Keywords: ignorance, bass lines, artistic statements, the red bliss potato


The band is heard as a herd: there are are too many of them. That's good because:
One bassline can go with almost anything -- recycle it a couple times.
It's difficult to follow that melody sometimes: the forces assigned to it fail to cut through the murk.
There is little that might be considered ornamental or extravagant in the greenhouse composition: that is why we needed improvisers to play the bastard.

What was necessary was almost matched by that which was given in performance by the musicians, but barely enough! When the public turned more sentimental, tastes changed, and everyone became aware of the numeric values of things, and these figures, when published, led to a completely different means of exchange: one much more cumbersome, and one which immediately put spontaneity, especially of big or little disagreementation among players, into jeopardy.

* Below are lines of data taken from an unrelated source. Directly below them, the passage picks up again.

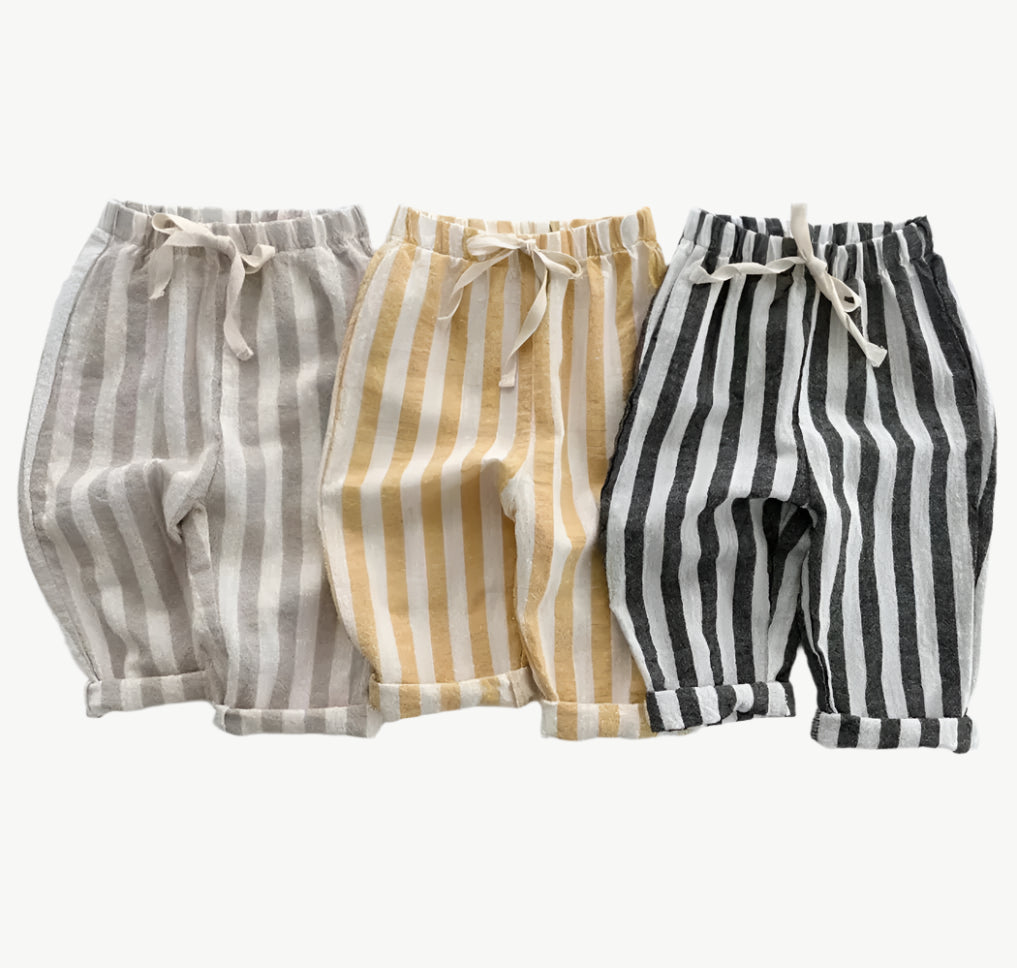 Bequeme Streifenhose aus Bio - Baumwolle mit Kordelzug für Kinder – Atmungsaktiv und Hypoallergen - Mayfair ModaKhaki18 - 24M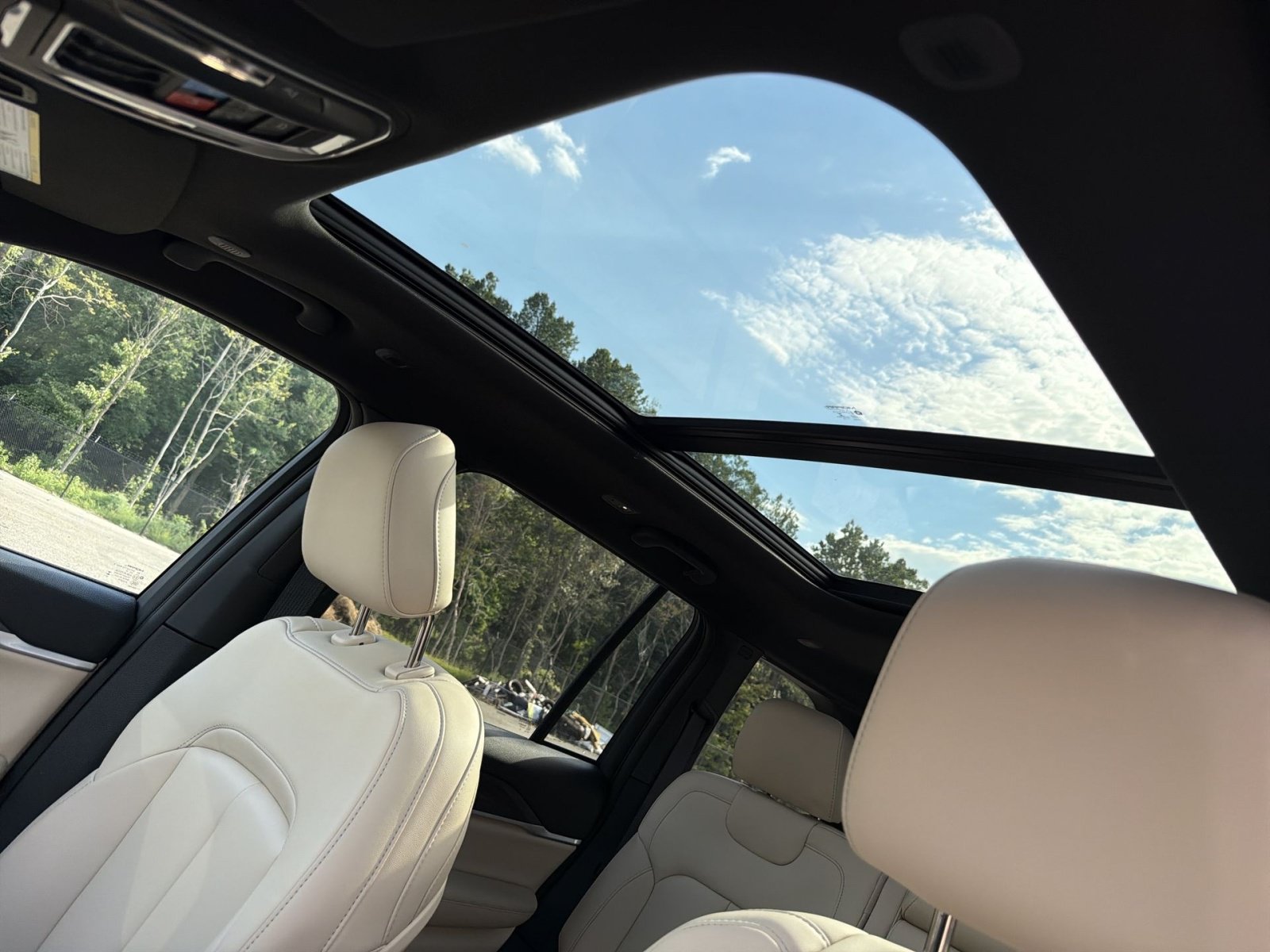 New 2026 Jeep Grand Cherokee Limited AWD/4WD image 24
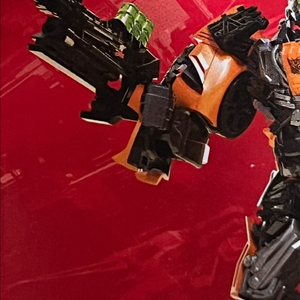 트랜스포머 스튜디오 디럭스 락다운 스파크 뽑기 무기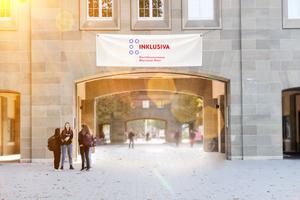 Unieingang mit Plakat Inklusiva 2020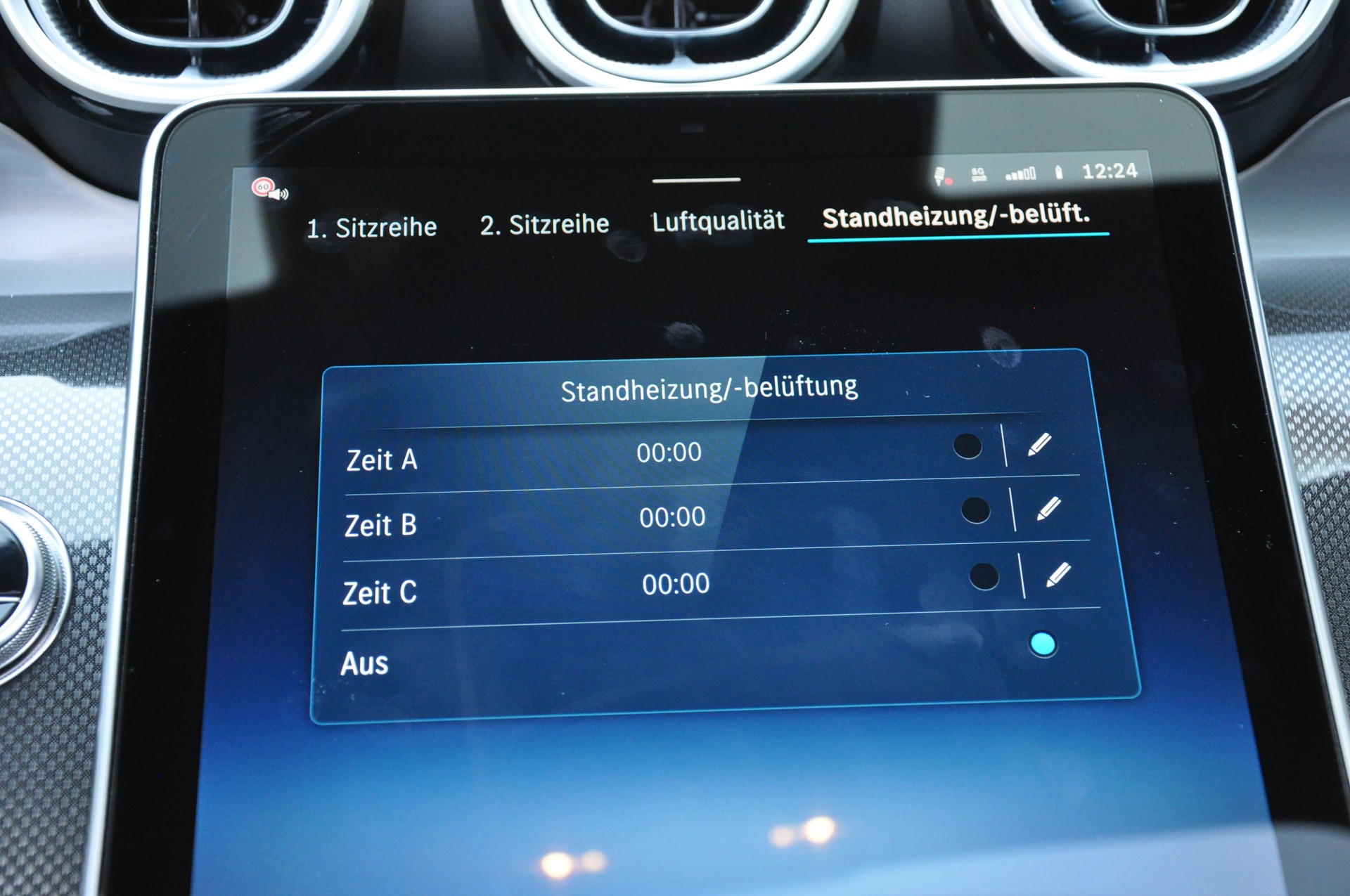 MERCEDES-BENZ GLC 43 AMG Executive Edition 4Matic 9G-Tronic-image-24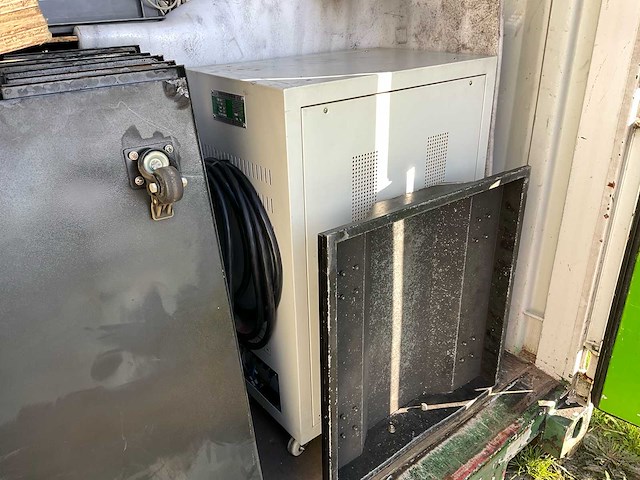 2019 gweike 3015 fiber lasersnijmachine met buislaser in 20ft zeecontainer - afbeelding 33 van  37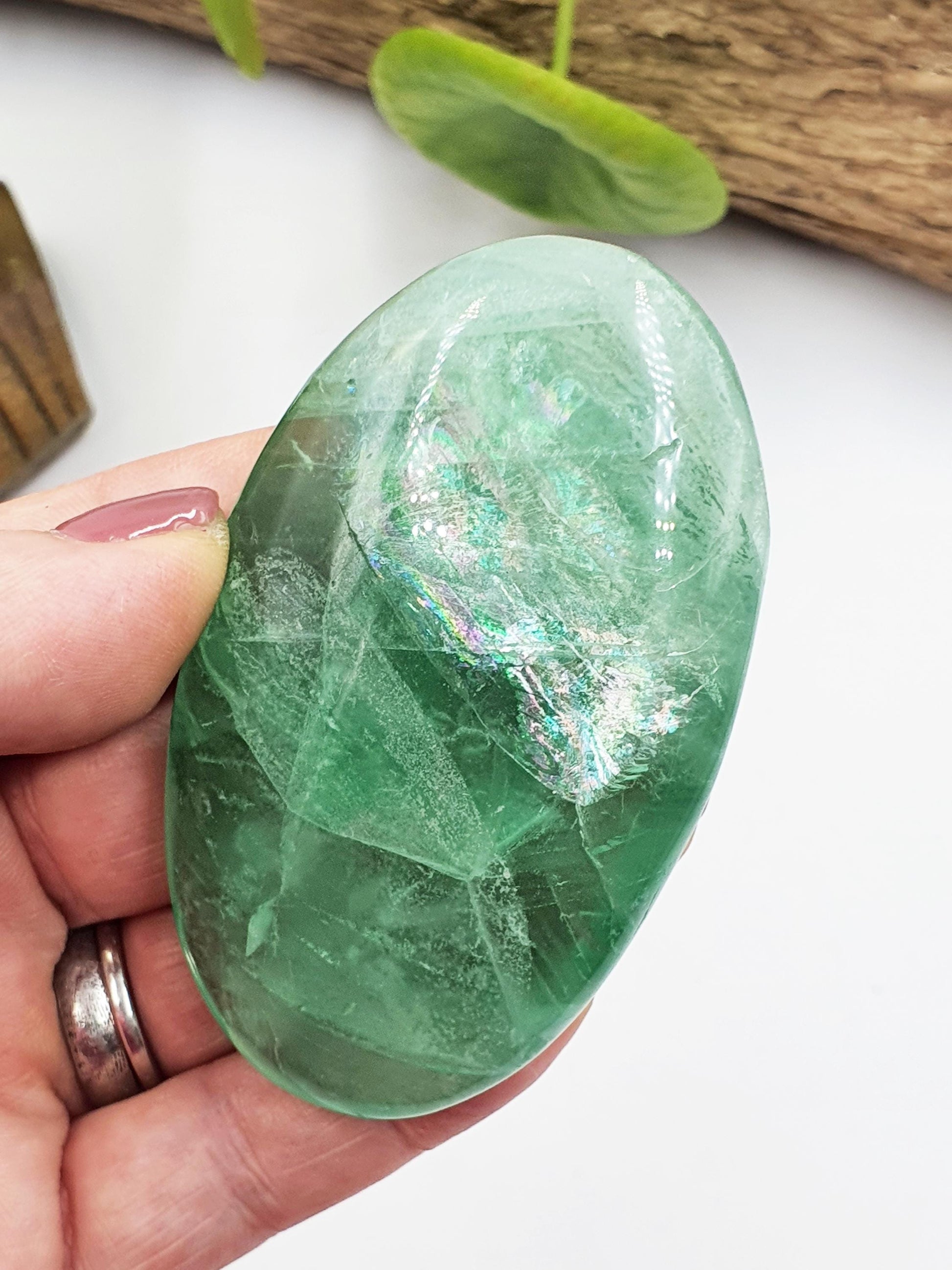 Large Beautiful Green Fluorite Palm with huge rainbows / Fluorite Palm / Fluorite Palmstone / Meditation Palm - 150g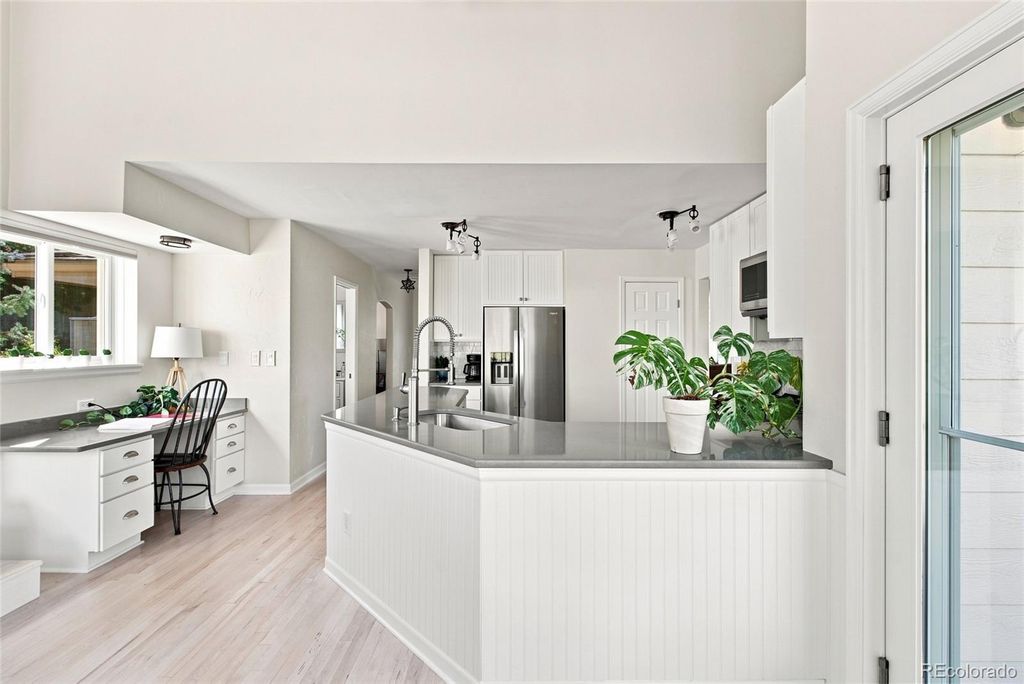Image 9 of property listing at 7084 Fox Paw Trail, Littleton, CO 80125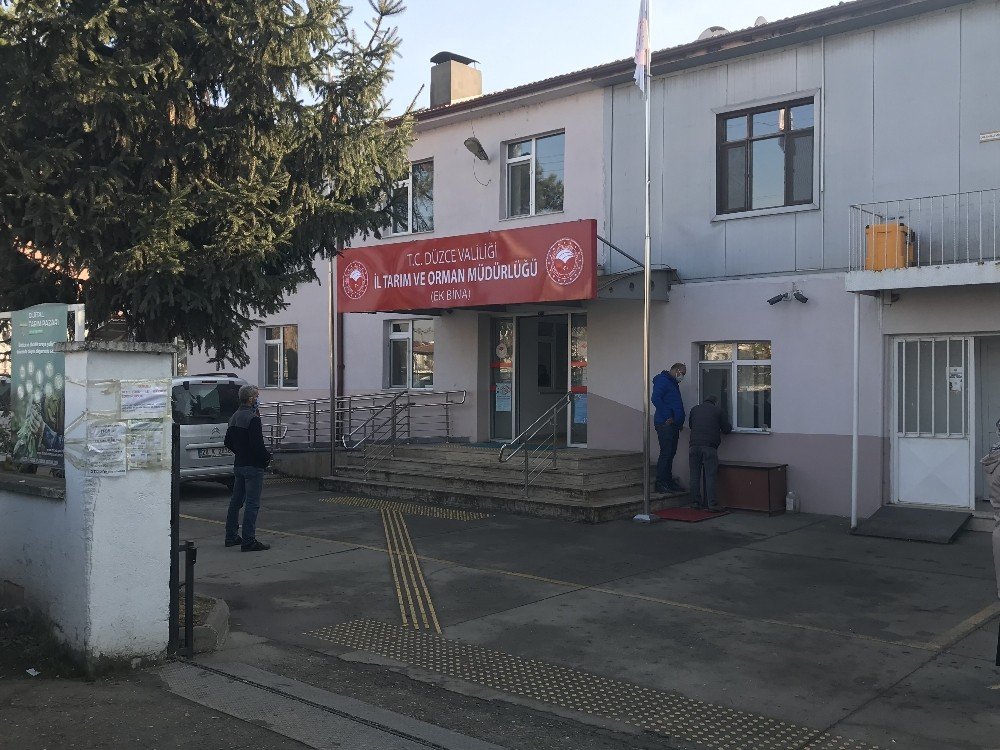 Cehalet! Koronavirüs riskli kişi resmi daireye girmeye çalıştı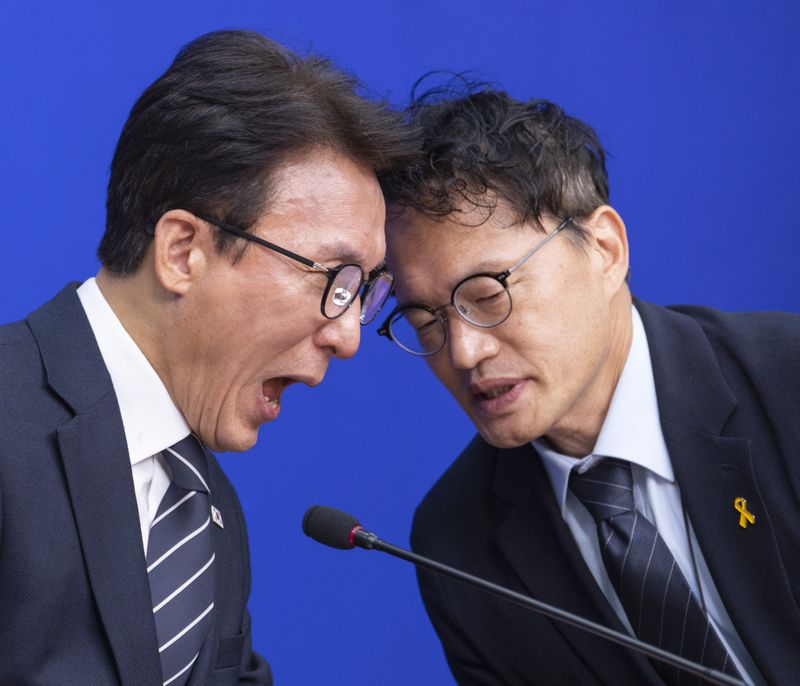 더불어민주당 김민석 대표(왼쪽)가 20일 국회에서 열린 개헌추진단 출범 기자간담회에 참석해 추진단 수석부단장인 박주민 의원과 대화하고 있다. 연합뉴스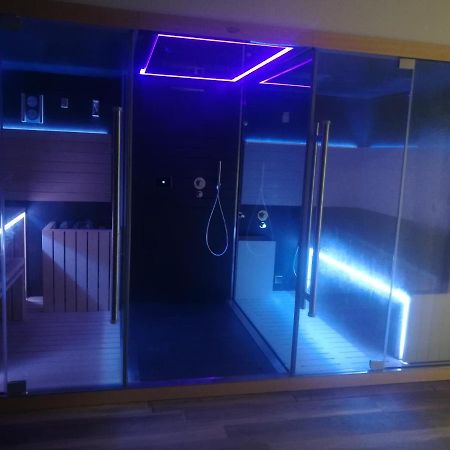 洛卡拉迪瓦赛瑞萨公寓 Treia 外观 照片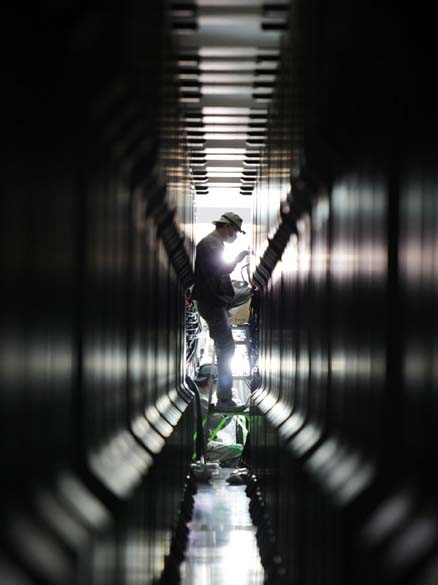 Trabalhadores instalam o computador K, o mais rápido do mundo, em um laboratório na cidade de Kobe, Japão Trabalhadores instalam o computador K, o mais rápido do mundo, em um laboratório na cidade de Kobe, Japão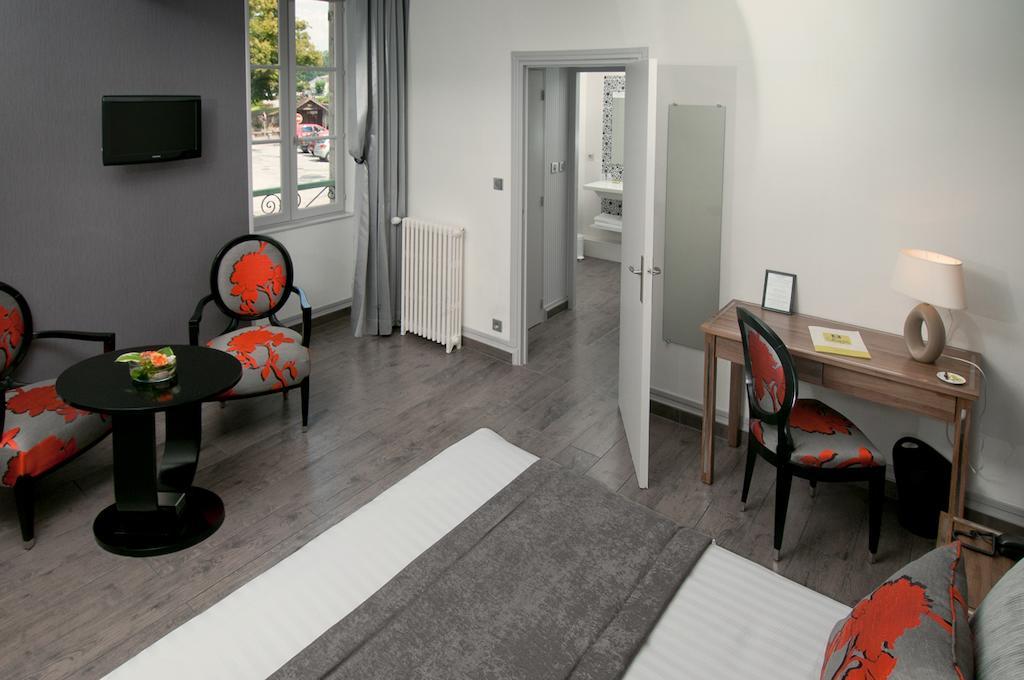 Logis Hotel Restaurant Nougier Saint-Étienne-de-Fursac Esterno foto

"What does he think he's doing?" Meaning he's seemingly acting against his own most obvious self-interests, not sheerly [or shearing?] himself, either. And get very ignorant of style and space in his world, the one he might project as an "artistic statement." Not so different from the page created to evaluate proposals, or the impact of a new roommate splitting fees "equally" or nearly so, but with herself hovering inwards a couple times.

I put this music up for comparison with Beethoven's Third Symphony, and with any albums of similitude by other composers of orchestral music which is grandiose, and which, shall we say, is markedly gloom-filled by the end, but still moderately droll and gelastic: laugh-cry, ha-ha. Only, why must I get up the next morning? there are feets that must be done which are surpassingly unpleasant.